Restate each entry exactly, without pictures.
DATA SUPPLIED Block Start
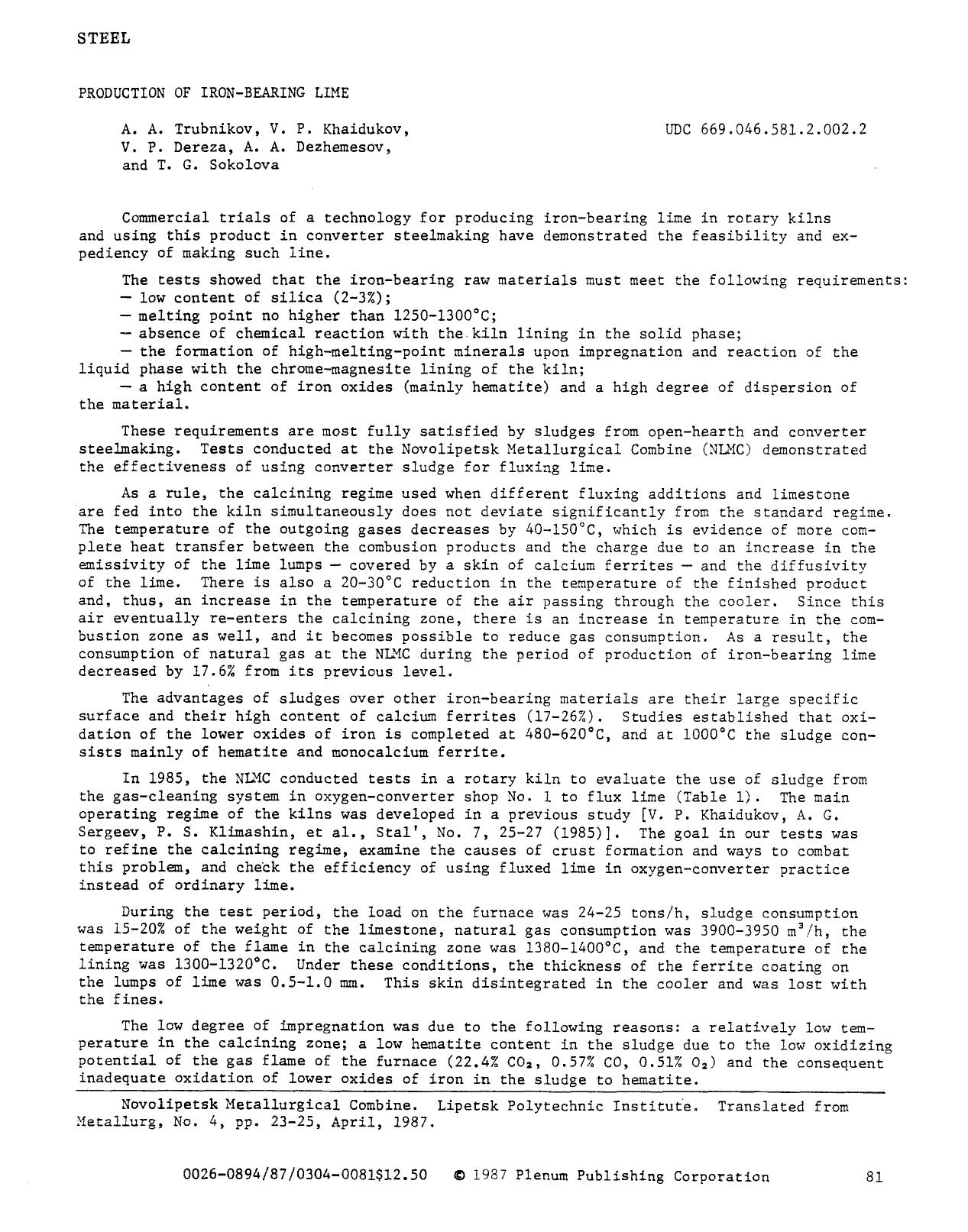 Production of iron-bearing lime by Unknown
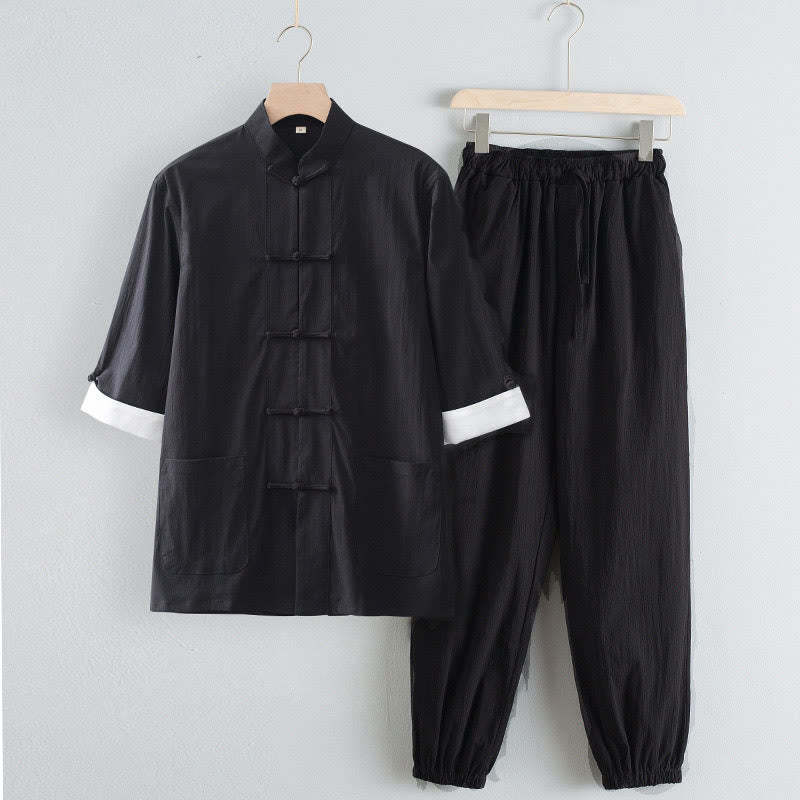 Tang Frog-Button Three Quarter Sleeve Shirt Pants Men's Suit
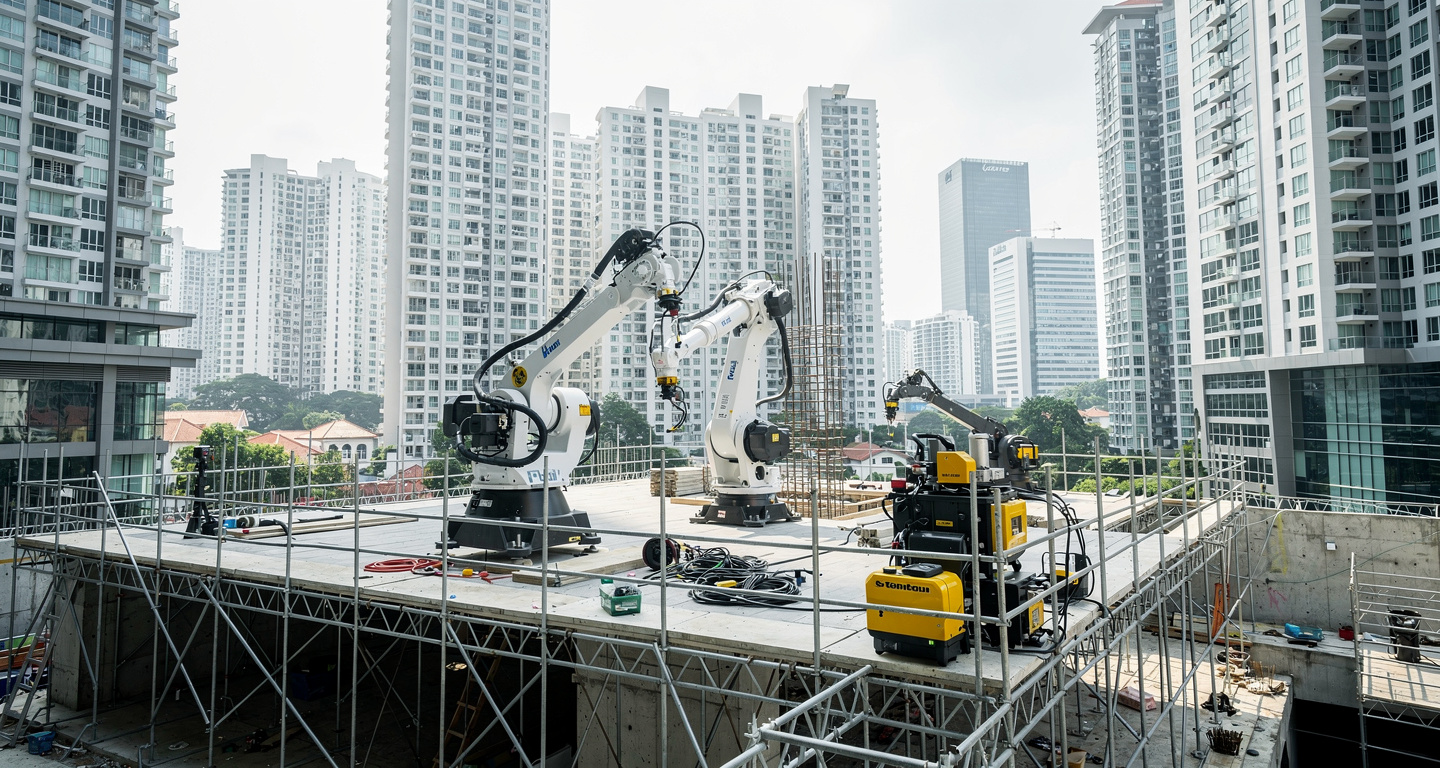 Robotic construction machinery on Singapore building site with urban skyline backdrop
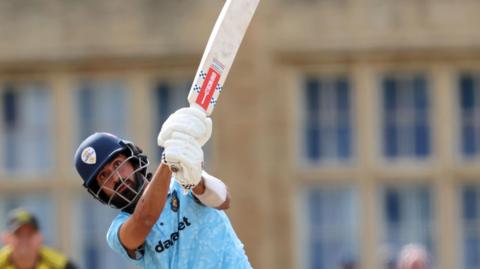 Amrit Basra batting for Derbyshire.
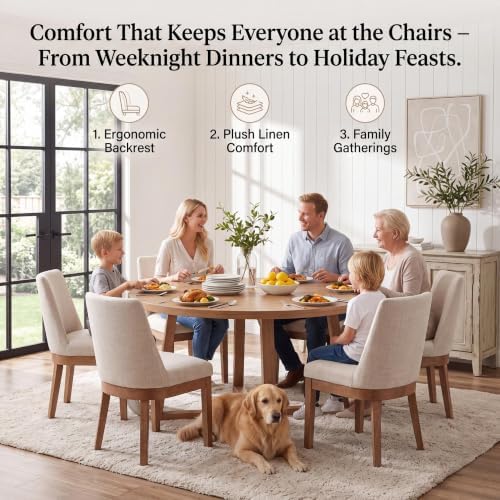 HNY Modern Dining Chairs Set of 6 with Comfortable Back Support, Farmhouse So...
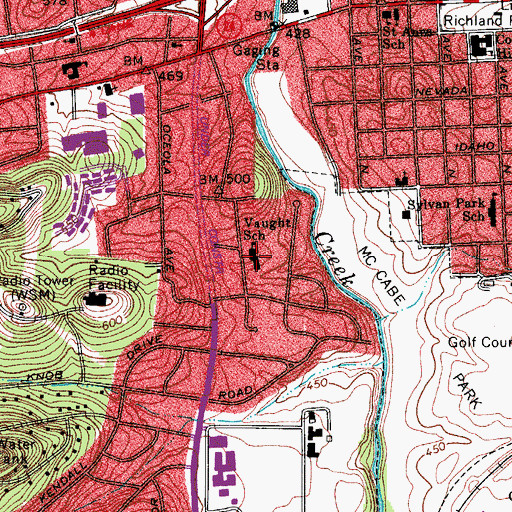 Topographic Map of Vaught School, TN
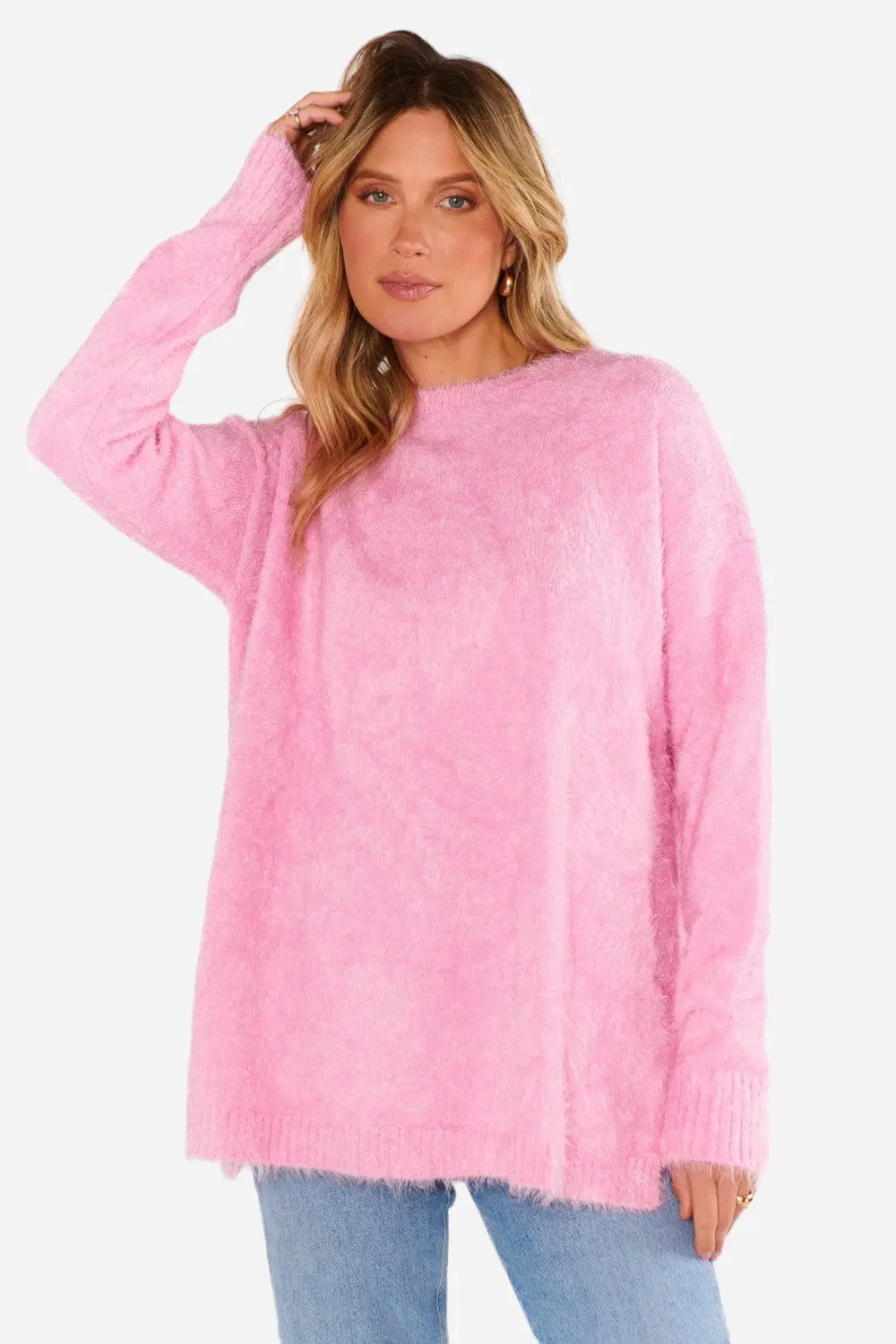 Show Me Your Mumu Bonfire Sweater In Pink Fuzzy Knit 1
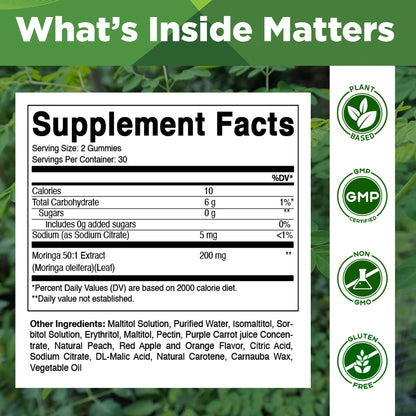 Vitamatic Sugar-Free Moringa Gummies - 10000 mg per Serving - 60 Pectin-Based Gummies - Essential Minerals Supplement - Clean Fitness - Multicolor Flavors - Non-GMO & Gluten-Free - Natural & Vegan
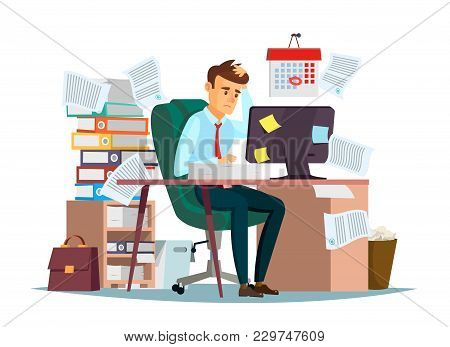 Man Overwork In Office, Deadline Vector Illustration. Manager Sitting At Computer Desk With Stack Of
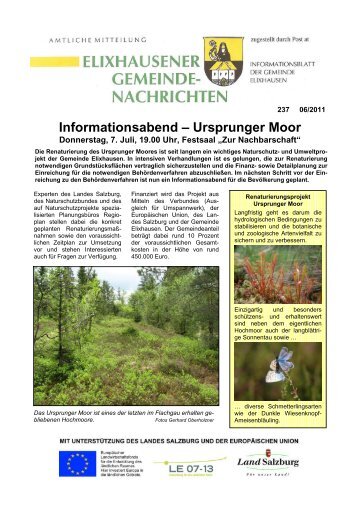 Informationsabend – Ursprunger Moor - Gemeinde Elixhausen
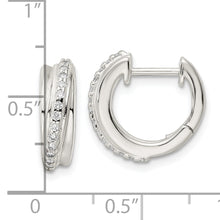 Load image into Gallery viewer, Sterling Silver Polished CZ Hinged Hoop Earrings
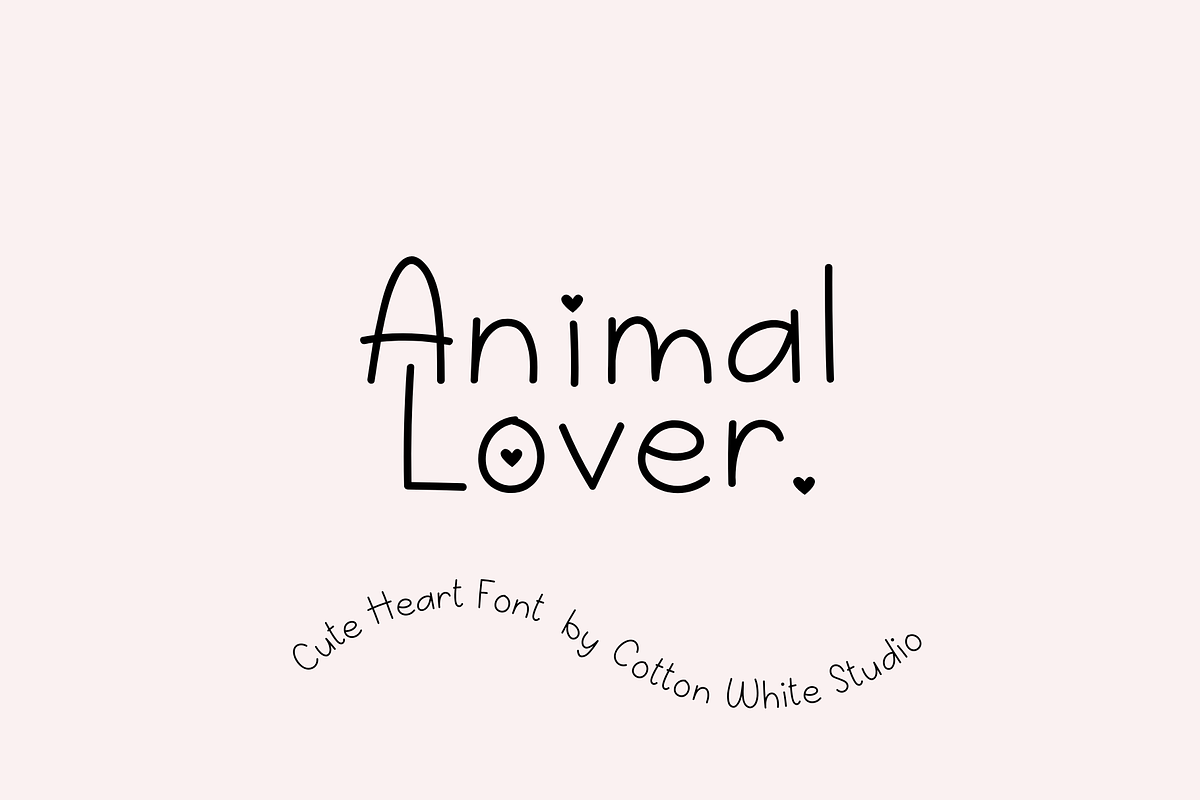 Animal Lover Cute Heart Font, a Script Font by Sofia Skoog (Photo 1 of 11)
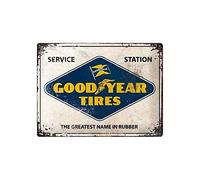 Nostalgic-Art Targhe Vintage Goodyear - Logo White - Idea Regalo per Amanti di Auto e Moto, in Metallo, Design Retro per Decorazione, 30 x 40 cm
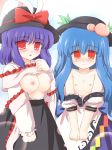  2girls :o black_dress blue_hair blush bow breasts collarbone dress female flat_chest food fruit hat hat_bow hinanai_tenshi hinanawi_tenshi iku_nagae leaf lifted_by_self multiple_girls nagae_iku nipples parted_lips peach purple_hair rainbow_order red_bow red_eyes ry shawl shirt short_hair standing tareme tenshi_hinanai touhou white_shirt 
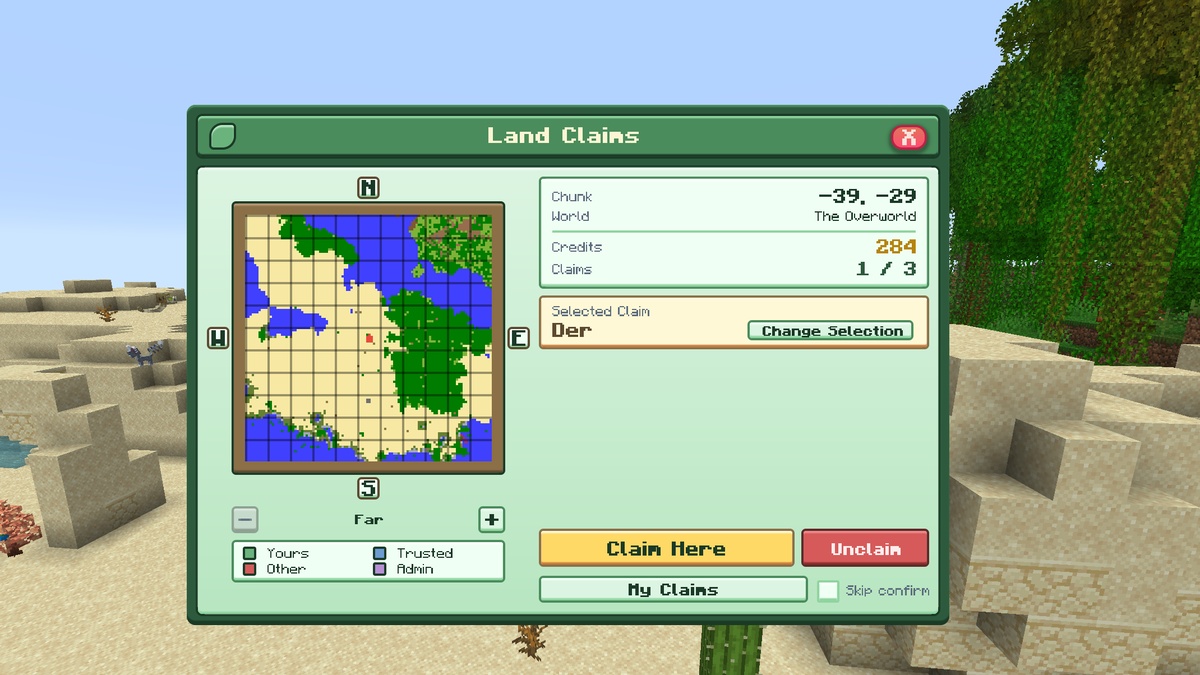 The Land Claims map menu on MineFury showing claimed chunks, chunk credits and the Claim Here button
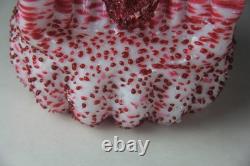Victorian Steven's and Williams Pink & White Art Glass Basket with Thorn Handled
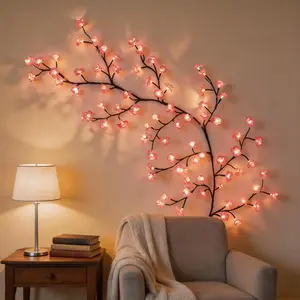 Cherry Blossom Vine Lights, LED Flower Branch Lighting with Remote, 8 Modes Sakura Garland for Bedroom Wall Indoor Wedding Christmas Decor(7.6FT 144LED)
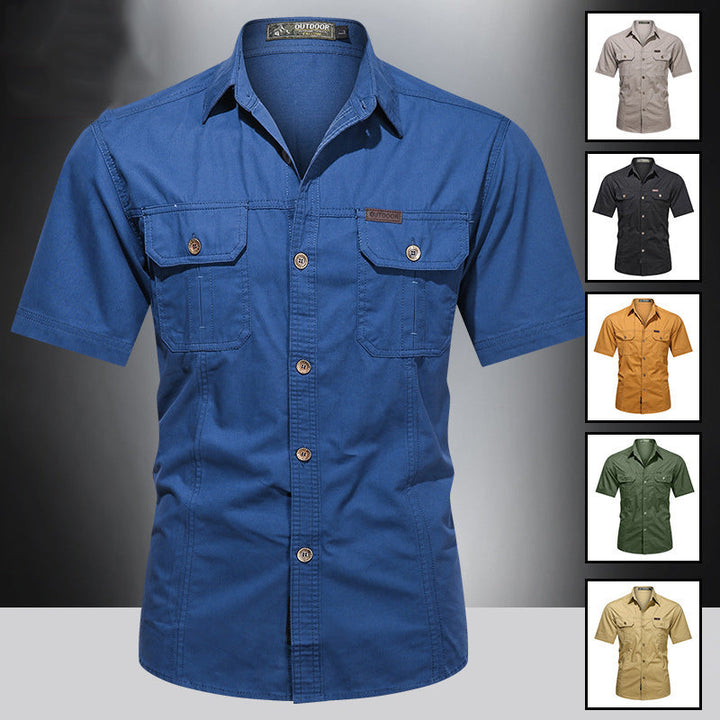 Camicia Utility a Maniche Corte da Avventura Outdoor per Uomo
DATA SUPPLIED Block End
▶ SOLUTION:
 Production of iron-bearing lime by Unknown
 Tang Frog-Button Three Quarter Sleeve Shirt Pants Men's Suit
 Robotic construction machinery on Singapore building site with urban skyline backdrop
 Amrit Basra batting for Derbyshire.
 HNY Modern Dining Chairs Set of 6 with Comfortable Back Support, Farmhouse So...
 Topographic Map of Vaught School, TN
 Show Me Your Mumu Bonfire Sweater In Pink Fuzzy Knit 1
 Vitamatic Sugar-Free Moringa Gummies - 10000 mg per Serving - 60 Pectin-Based Gummies - Essential Minerals Supplement - Clean Fitness - Multicolor Flavors - Non-GMO & Gluten-Free - Natural & Vegan
 Man Overwork In Office, Deadline Vector Illustration. Manager Sitting At Computer Desk With Stack Of
 Informationsabend – Ursprunger Moor - Gemeinde Elixhausen
 Load image into Gallery viewer, Sterling Silver Polished CZ Hinged Hoop Earrings
 Animal Lover Cute Heart Font, a Script Font by Sofia Skoog (Photo 1 of 11)
 Nostalgic-Art Targhe Vintage Goodyear - Logo White - Idea Regalo per Amanti di Auto e Moto, in Metallo, Design Retro per Decorazione, 30 x 40 cm
  2girls :o black_dress blue_hair blush bow breasts collarbone dress female flat_chest food fruit hat hat_bow hinanai_tenshi hinanawi_tenshi iku_nagae leaf lifted_by_self multiple_girls nagae_iku nipples parted_lips peach purple_hair rainbow_order red_bow red_eyes ry shawl shirt short_hair standing tareme tenshi_hinanai touhou white_shirt 
 The Land Claims map menu on MineFury showing claimed chunks, chunk credits and the Claim Here button
Victorian Steven's and Williams Pink & White Art Glass Basket with Thorn Handled
 Cherry Blossom Vine Lights, LED Flower Branch Lighting with Remote, 8 Modes Sakura Garland for Bedroom Wall Indoor Wedding Christmas Decor(7.6FT 144LED)
 Camicia Utility a Maniche Corte da Avventura Outdoor per Uomo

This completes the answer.